使用tensorflow实现了简单的rnn网络用来学习加法运算。
tensorflow 版本:1.1
import tensorflow as tf
from tensorflow.contrib import rnn
class RNN():
def __init__(self, input_dim , hidden_dim , step_num , class_num,learning_rate):
# # tf Graph input
self.x = tf.placeholder("float", [None, step_num, input_dim])

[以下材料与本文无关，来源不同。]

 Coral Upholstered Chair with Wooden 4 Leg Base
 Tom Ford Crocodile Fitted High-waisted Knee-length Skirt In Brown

self.y = tf.placeholder("float", [None, class_num])
# Define weights
weights = {
'out': tf.Variable(tf.random_normal([hidden_dim, hidden_dim])),
'sigout':tf.Variable(tf.random_normal([hidden_dim , class_num]))
}
biases = {
'out': tf.Variable(tf.random_normal([hidden_dim])),
'sigout':tf.Variable(tf.random_normal([class_num]))
}
# Unstack to get a list of 'step_num' tensors of shape (batch_size, input_dim)
x_unstack = tf.unstack(self.x, step_num, 1)
# Define a lstm cell with tensorflow
lstm_cell = rnn.BasicLSTMCell(hidden_dim, forget_bias=1.0)
# Get lstm cell output
outputs, states = rnn.static_rnn(lstm_cell, x_unstack, dtype=tf.float32)
# Linear activation, using rnn inner loop last output
pred = tf.matmul(outputs[-1], weights['out']) + biases['out']
sigmodout = tf.matmul(tf.nn.sigmoid(pred , 'relu') , weights['sigout']) + biases['sigout']
self.predict = tf.round(sigmodout)
correct_pred = tf.equal(self.predict , self.y)
self.accuracy = tf.reduce_mean(tf.cast(correct_pred, tf.float32))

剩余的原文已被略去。